Moving Average is a trend indicator that adds up to a chart for the forex strategy. It’s where the trading action is taking place. Like the name suggest, moving average are averages of the previous prices. The move is faster if they consider a short period. Traders like the forex moving average because they have a practical impact on the status of the market. Trading platforms place oscillators on the bottom of the chart to separate the window.
What is Forex Moving Average?
It is a strategy that signals future support and resistance of trends in trading. There are always at any moment; two values plotted on the chart.
• The actual price
• The moving average
The actual price is different than the moving average, that considers the volume traded are the Exponential moving average and simple moving average.

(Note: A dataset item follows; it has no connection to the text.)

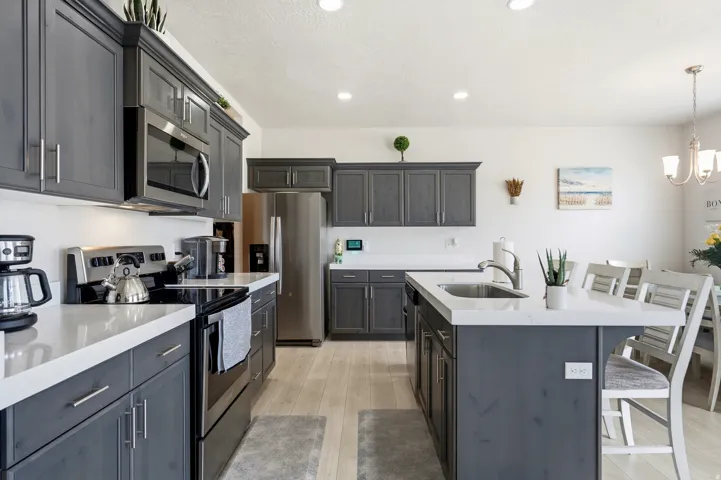 Kitchen featuring dark-toned cabinetry, stainless steel appliances, light countertops, wood-finish flooring, and recessed ceiling lighting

The simple Moving average calculates by dividing the average closing level to the considered period. Exponential Moving Average puts more impact on the current price than on the average closing price. It puts more weight on the current prices, reducing the lag. Forex traders use short-term Moving average cover Long-term Moving average to determine the trading strategy.
Moving Average Envelope strategy
MA Envelopes can use either the lower or upper setups to determine the moving average. It doesn’t matter the type of basis set for the envelope strategy when the forex trade causes simple, exponential or weighted MA. Forex traders should test different current pairs, percentages and time intervals to know to understand how to apply the best envelope strategy. Consider trading when there is directional bias to the price. Exit when the prices reach the upper band on a long trade or a lower group on the small business.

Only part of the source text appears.